Version 38 (modified by tramer, 13 years ago) (diff) |
---|
Installing Babel on BG/P (Surveyor at Argonne)
Current build instructions (Notes by Stephen Tramer [email protected]…)
It is strongly recommended that you make a directory on /scratch to perform your build in. Boyana mentions in her notes below that configure/make takes a long time; this is because of the slow disk access to $HOME on login nodes for surveyor. Configure and builds proceed much faster on /scratch. However, note that you cannot run the regression tests from /scratch. This is because /scratch is specific to each login node, and is not mounted for any BG/P nodes.
These notes very closely follow Boyana's, but some of her fixes have now been patched into the code. For the full details of what has been modified in order to support BG/P, please see below.
These instructions will enable support for all languages except java (irrelevant on BG/P, since it doesn't have java). Throughout $BABEL_SRC will refer to your local babel source copy and $BABEL_INSTALL to the directory where babel will be installed. Please be aware that this build process has been tested only in the development branch, for the proposed babel 1.5.0.
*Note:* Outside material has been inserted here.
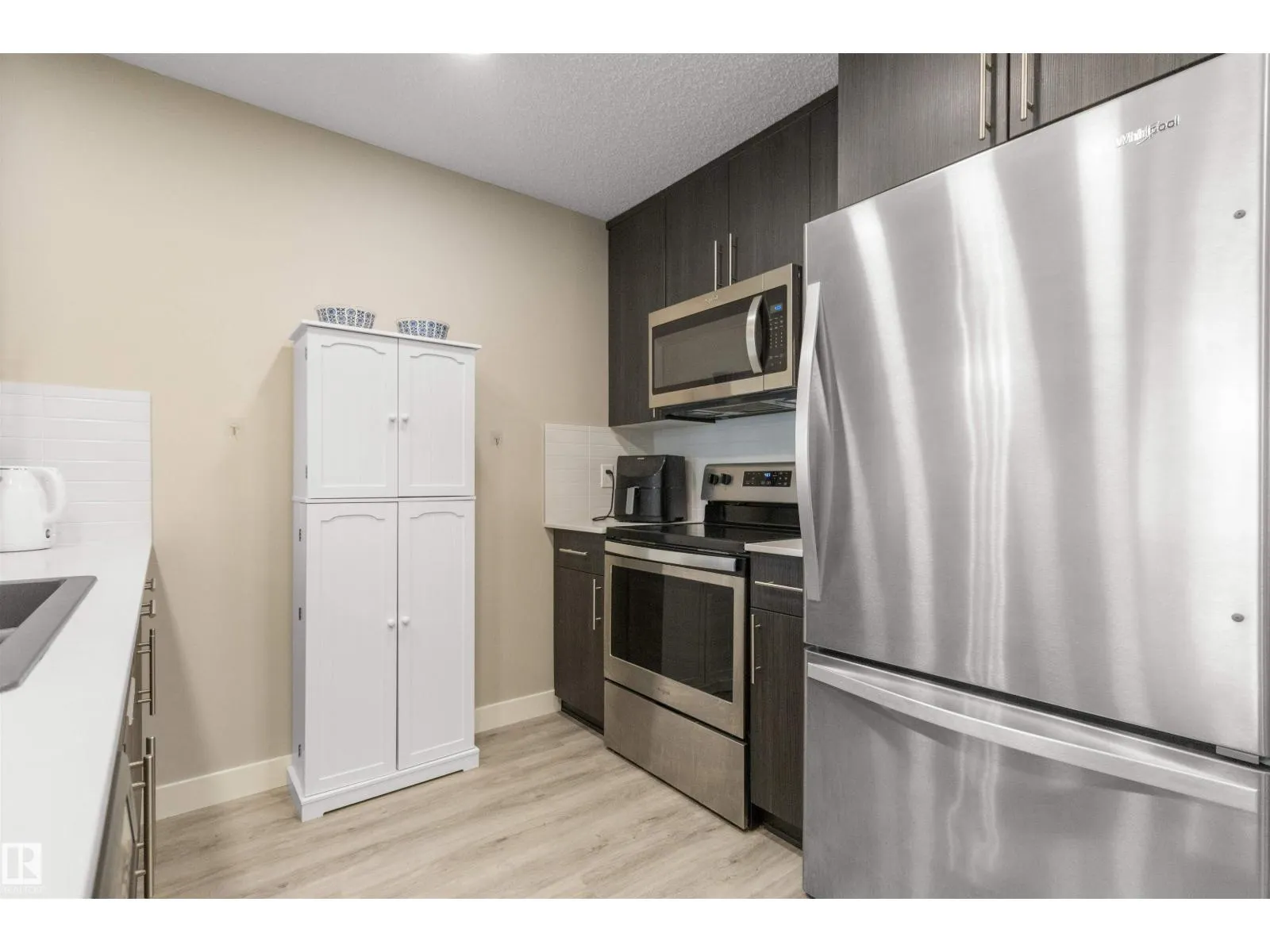 #101 1506 TAMARACK BV NW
- Build a local version of libxml2 (if you want) and also libtool (if you like). There are versions available at /home/tramer/libxml2-bgp and /home/tramer/libtool-dev-bgp respectively, compiled for use with applications being compiled for BG/P. However, it is recommended that you roll your own to become familiar with some issues with cross-compiling using the GNU autotools. See Boyana's instructions below for libxml2; for libtool you will need to run 'make' first and then the libtool_fix.sh script.
- Configure the project:
$BABEL_SRC/configure CC=bgxlc CXX=bgxlC FC=bgxlf90 F77=bgxlf --prefix=$BABEL_INSTALL_DIR --host=powerpc-bgp-linux-gnu \ --without-sidlx --with-gcc=no --enable-python=/bgsys/drivers/ppcfloor/gnu-linux/bin/python \ --with-libxml2=$LIBXML2_DIR LDFLAGS=-qnostaticlink --enable-shared --disable-static \ host_alias=powerpc-bgp-linux-gnu --target=powerpc64-ibm-bgp --with-ltdl-lib=$LIBTOOL_DIR/lib \ --with-ltdl-include=$LIBTOOL_DIR/include --without-libparsifal --disable-fortran90
You may also use the mpixl* compilers if you wish. However since babel does not use MPI, this is not necessary. Currently --disable-fortran90 is only needed because struct support is currently broken in babel; it should be safe to add it back in. Also note that you can build the convenience ltdl contained within babel itself - use the external libtool only if this doesn't work.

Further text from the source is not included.